Y así, todos entramos en una especie de juego en donde, como en el fútbol, hay que cuidarse de que no le metan gol al dar papaya, pero sí de golear a los demás, al comerse la que ellos sirven. Juego que sería divertido, si no fuera porque no tiene intermedio ni fin, y no es por dos equipos, sino de todos contra todos. No solo es entre individuos, ni entre ricos contra ricos, mujer con mujer, hombre con hombre y en sentido contrario, sino que puede ser de uno contra todos.
Si la bicicleta parqueada en la calle no fuera de ningún particular, sino del Estado para uso y disfrute de todos los ciudadanos, el “avispao” aprovecha, y se lleva la cicla, o por lo menos la canasta, las cadenas o la campana.

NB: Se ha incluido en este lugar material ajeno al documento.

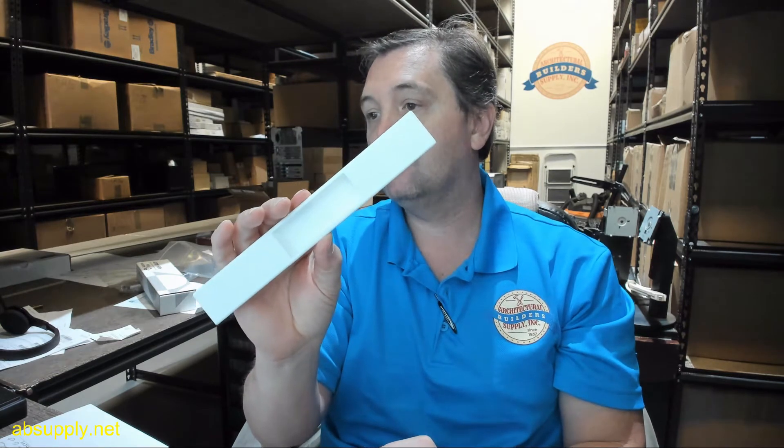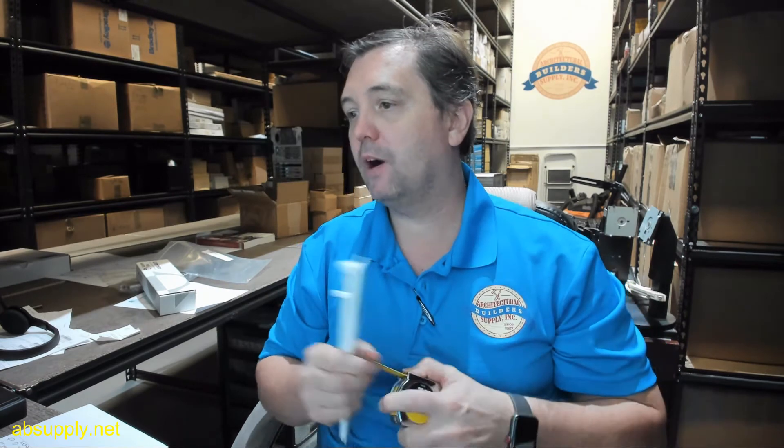Black is by far the most common variant of these, but you do see white occasionally. This client special ordered white, and the WH in the part number means white. The IB in the part number just means individually boxed and doesn't have a really important impact on the item itself — it just specifies how it is packaged.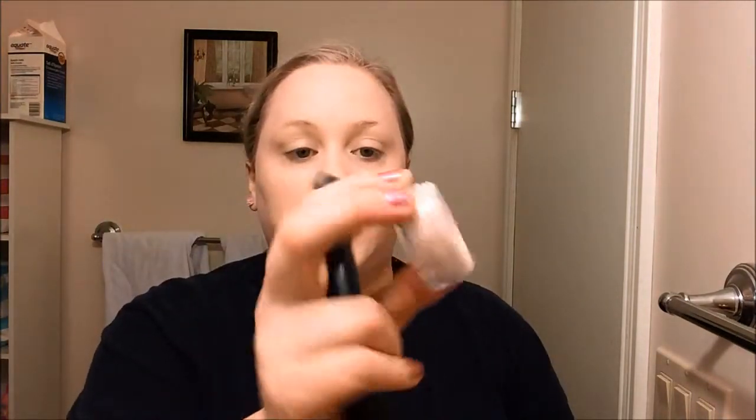So I've got my foundation on. Now I'm going to go over that with a loose powder — this is the e.l.f. Mineral Foundation in the shade Fair. I'm taking the e.l.f. Powder Brush, a flat-top brush, and going over my skin to help set it. This will help your makeup from fading throughout the day, and it'll help if you have oily skin or combo skin. I'm going to blend it down through my neck so I don't have that telltale line.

Impensable, durante el juego de la papaya, un sistema de bicicletas público, compartidas por todos sin discriminación, como el que existe en algunas ciudades del mundo.
No importa si comerse la papaya afecta el bien común. Participan en el juego de la papaya los políticos, los ciudadanos del común y los delincuentes. Ser “avispao” es la clave. “El mundo es de los avispaos” le enseñan las mamás a sus hijos, como, según la serie le dijo la mamá a su niño Pablo Escobar. Y así, perversamente, servicios públicos gratuitos, como utópicamente sistemas públicos de bicicletas compartidas, son vistos por la mayoría como una papaya partida: hay que caerle cual ave de rapiña, entre más rápido, mejor.
El juego de la papaya, por definición, impide proyectos de ciudadanía: intoxica cualidades personales como la confianza, la frugalidad y la honradez, y valores sociales como el respeto por los conciudadanos y por lo público. ¿Qué tal si dejamos a la papaya solamente su significado literal, nos la saboreamos en ayunas, nos limpiamos de las toxinas de su sentido figurado y salimos a disfrutar parques y en el futuro, quizás, bicicletas públicas?